TO DO: Please copy out the entries below exactly, beginning with the line that contains "父亲有力挺送女儿的话，勇往直前，我始终在你身边父亲有力挺送女儿的话 含义" and ending with the line that contains "Primal Dusty Pink", and include nothing outside that span.

Top of SOURCE INFORMATION

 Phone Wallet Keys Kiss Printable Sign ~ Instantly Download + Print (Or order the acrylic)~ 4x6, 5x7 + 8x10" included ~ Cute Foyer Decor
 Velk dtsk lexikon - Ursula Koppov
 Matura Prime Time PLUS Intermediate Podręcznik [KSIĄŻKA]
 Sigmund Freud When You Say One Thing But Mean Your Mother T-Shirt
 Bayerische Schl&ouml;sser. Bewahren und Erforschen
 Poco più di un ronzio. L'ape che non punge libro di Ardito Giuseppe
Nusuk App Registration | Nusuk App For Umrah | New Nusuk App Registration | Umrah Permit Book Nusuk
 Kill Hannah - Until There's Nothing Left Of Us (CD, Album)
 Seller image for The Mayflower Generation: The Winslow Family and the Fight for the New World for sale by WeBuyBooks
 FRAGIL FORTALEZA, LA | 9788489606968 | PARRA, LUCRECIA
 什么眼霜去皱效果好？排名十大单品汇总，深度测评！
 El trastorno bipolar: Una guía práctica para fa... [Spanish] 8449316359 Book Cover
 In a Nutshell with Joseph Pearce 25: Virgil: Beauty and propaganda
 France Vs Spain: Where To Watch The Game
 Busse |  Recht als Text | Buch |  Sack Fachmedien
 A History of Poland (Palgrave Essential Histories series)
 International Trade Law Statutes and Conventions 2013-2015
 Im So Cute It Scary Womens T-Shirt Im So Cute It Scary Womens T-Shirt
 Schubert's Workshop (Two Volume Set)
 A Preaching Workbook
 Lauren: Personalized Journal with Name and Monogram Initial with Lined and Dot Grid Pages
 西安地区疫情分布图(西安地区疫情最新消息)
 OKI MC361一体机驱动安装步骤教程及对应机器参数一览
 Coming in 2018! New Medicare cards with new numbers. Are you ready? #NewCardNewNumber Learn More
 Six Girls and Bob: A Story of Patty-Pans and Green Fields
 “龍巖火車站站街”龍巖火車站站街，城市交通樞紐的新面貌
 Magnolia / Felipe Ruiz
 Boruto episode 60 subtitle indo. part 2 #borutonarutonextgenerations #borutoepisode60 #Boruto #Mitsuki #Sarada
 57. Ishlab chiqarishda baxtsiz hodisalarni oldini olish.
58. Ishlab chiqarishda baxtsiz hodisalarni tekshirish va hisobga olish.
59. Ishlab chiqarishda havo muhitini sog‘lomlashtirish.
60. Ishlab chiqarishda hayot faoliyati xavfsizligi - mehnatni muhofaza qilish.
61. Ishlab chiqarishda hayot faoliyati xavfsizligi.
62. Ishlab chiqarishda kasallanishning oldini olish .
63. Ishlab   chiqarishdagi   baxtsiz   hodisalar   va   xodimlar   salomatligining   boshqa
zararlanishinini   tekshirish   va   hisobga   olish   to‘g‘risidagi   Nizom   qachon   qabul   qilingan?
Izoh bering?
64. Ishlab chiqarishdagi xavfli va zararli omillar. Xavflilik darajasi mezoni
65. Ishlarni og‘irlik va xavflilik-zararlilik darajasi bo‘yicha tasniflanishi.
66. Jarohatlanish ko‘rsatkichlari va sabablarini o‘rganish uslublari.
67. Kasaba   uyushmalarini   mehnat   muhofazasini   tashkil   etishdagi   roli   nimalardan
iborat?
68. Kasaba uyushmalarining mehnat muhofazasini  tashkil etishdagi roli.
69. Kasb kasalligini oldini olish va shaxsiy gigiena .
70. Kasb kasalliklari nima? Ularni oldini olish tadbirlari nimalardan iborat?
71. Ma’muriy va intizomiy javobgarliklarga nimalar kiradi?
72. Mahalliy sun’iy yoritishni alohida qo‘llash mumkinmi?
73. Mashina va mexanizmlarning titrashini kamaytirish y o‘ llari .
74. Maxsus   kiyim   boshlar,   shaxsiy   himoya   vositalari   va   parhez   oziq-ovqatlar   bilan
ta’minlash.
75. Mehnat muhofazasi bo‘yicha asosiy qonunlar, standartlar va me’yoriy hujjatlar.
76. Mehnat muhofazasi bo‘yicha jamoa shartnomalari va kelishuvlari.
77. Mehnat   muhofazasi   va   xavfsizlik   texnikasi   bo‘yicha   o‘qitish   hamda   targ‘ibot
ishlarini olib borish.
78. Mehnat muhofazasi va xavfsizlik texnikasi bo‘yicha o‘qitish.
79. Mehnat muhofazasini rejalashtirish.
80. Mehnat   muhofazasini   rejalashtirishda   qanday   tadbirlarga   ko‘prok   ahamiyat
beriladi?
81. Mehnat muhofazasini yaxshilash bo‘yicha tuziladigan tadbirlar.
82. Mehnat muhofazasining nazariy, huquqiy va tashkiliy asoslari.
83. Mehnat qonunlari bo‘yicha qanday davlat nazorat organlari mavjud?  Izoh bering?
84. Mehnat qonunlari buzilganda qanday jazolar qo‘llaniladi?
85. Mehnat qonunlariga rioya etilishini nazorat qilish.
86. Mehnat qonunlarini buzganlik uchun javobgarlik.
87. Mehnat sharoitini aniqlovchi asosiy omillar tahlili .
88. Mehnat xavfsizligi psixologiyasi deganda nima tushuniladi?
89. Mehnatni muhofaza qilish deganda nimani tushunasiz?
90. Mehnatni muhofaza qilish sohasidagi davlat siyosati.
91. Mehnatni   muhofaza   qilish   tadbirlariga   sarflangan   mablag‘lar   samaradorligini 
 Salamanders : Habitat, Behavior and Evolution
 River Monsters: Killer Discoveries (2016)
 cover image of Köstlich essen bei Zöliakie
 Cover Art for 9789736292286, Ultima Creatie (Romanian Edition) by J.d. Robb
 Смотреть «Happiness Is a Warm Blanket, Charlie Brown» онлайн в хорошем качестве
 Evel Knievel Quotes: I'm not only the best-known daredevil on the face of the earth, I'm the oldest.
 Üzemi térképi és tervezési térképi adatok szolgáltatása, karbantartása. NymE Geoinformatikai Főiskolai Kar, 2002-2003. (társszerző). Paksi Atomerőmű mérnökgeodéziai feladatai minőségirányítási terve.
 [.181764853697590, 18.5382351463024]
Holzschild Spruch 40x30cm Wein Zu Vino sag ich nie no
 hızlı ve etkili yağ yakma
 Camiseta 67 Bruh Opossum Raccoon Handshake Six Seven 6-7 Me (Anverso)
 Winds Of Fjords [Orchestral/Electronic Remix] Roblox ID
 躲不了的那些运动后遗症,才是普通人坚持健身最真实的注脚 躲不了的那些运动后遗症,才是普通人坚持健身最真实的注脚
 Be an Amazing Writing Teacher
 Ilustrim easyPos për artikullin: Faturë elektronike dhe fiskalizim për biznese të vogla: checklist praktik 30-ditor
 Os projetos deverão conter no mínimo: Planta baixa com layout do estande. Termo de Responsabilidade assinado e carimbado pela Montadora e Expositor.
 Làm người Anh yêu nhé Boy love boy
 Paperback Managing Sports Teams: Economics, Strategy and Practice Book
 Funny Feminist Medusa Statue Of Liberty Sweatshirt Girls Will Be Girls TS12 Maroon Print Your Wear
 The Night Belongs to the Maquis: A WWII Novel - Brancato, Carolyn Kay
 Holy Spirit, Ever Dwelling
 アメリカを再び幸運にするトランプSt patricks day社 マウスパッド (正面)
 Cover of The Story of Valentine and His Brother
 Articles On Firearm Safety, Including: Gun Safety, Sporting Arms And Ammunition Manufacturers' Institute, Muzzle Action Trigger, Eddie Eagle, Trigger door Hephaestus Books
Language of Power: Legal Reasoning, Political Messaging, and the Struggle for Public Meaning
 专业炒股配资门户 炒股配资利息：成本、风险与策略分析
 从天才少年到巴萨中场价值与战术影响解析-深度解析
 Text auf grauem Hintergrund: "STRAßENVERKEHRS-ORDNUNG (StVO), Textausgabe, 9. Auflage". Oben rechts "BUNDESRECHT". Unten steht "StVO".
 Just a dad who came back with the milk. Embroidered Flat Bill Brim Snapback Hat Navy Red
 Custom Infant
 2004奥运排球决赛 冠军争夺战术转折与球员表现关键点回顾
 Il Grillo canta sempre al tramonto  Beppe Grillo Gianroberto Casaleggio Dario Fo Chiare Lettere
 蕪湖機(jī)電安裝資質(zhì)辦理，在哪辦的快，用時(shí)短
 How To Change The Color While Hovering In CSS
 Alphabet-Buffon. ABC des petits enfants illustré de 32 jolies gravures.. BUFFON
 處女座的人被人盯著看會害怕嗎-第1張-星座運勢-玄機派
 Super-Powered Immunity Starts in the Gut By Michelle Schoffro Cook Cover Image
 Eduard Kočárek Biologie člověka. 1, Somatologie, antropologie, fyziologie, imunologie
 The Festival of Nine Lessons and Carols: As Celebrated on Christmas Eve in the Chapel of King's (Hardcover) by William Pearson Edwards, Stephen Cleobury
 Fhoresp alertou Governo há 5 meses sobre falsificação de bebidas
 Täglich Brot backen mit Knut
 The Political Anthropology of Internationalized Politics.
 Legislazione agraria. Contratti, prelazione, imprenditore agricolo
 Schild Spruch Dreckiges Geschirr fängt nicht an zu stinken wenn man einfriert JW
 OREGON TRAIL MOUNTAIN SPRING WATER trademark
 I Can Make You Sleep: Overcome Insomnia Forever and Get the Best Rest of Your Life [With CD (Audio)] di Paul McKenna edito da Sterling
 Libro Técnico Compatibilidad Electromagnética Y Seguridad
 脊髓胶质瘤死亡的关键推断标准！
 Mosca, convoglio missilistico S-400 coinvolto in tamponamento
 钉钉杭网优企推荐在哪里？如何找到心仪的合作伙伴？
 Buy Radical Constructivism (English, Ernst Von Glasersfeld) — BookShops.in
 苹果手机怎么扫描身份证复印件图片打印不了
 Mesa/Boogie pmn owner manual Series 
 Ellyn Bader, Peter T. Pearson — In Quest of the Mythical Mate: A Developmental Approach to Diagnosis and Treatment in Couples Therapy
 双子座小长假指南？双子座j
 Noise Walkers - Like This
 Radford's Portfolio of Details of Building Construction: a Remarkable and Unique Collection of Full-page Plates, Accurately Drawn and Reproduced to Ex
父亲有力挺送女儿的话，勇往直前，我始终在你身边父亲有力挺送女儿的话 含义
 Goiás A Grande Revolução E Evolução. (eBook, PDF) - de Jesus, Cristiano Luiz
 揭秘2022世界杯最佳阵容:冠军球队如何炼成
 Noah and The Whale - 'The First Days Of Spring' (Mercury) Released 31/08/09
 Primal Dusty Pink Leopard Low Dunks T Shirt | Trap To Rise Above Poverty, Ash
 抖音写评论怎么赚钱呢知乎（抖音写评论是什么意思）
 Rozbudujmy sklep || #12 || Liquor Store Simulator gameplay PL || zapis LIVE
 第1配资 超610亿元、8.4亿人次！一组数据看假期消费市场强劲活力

Bottom of SOURCE INFORMATION

EXERCISE OUTPUT:
父亲有力挺送女儿的话，勇往直前，我始终在你身边父亲有力挺送女儿的话 含义
 Goiás A Grande Revolução E Evolução. (eBook, PDF) - de Jesus, Cristiano Luiz
 揭秘2022世界杯最佳阵容:冠军球队如何炼成
 Noah and The Whale - 'The First Days Of Spring' (Mercury) Released 31/08/09
 Primal Dusty Pink Leopard Low Dunks T Shirt | Trap To Rise Above Poverty, Ash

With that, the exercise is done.